Tuesday, August 23, 2016

A Typical Fu-Manuchu Labortory

This is not the first laboratory we have seen the Dr. absorbed in his work. Horrifying as it may be, it seems like Dr. Fu-Manchu well adept in his experiments. He only knows the object of his research.

"The end in which I lay, was, as I have said, typical of an Eastern house, and a large, ornate lantern hung from the ceiling almost directly above me. The further end of the room was occupied by tall cases, some of them containing books, but the majority filled with scientific paraphernalia; rows of flasks and jars, frames of test-tubes, retorts, scales, and other objects of the laboratory. At a large and very finely carved table sat Dr. Fu-Manchu, a yellow and faded volume open before him, and some dark red fluid, almost like blood, bubbling in a test-tube which he held over the flame of a Bunsen-burner.

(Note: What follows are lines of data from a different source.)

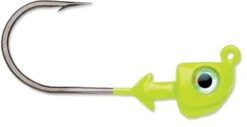VMC Boxer Jig Swimbait Jighead -Vis en Kleding Shop 31310388559961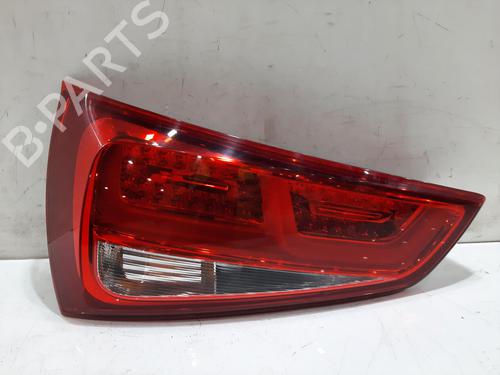 left-taillight-audi-a1-sportback-8xa-8xf-2011-2012-2013-2014-2015-2016-2017-2018-2019-34619912 main image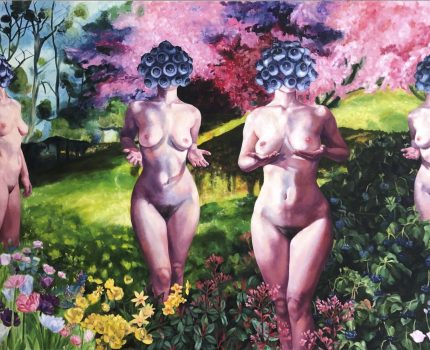 Çuha Adası / Kythira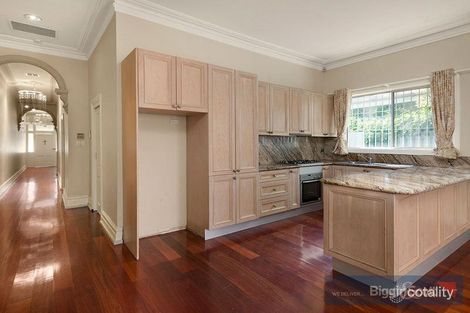 Property photo of 6 William Street Abbotsford VIC 3067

A huge glass retort (the bulb was fully two feet in diameter), fitted with a Liebig's Condenser, rested in a metal frame, and within the bulb, floating in an oily substance, was a fungus some six inches high, shaped like a toadstool, but of a brilliant and venomous orange color. Three flat tubes of light were so arranged as to cast violet rays upward into the retort, and the receiver, wherein condensed the product of this strange experiment, contained some drops of a red fluid which may have been identical with that boiling in the test-tube."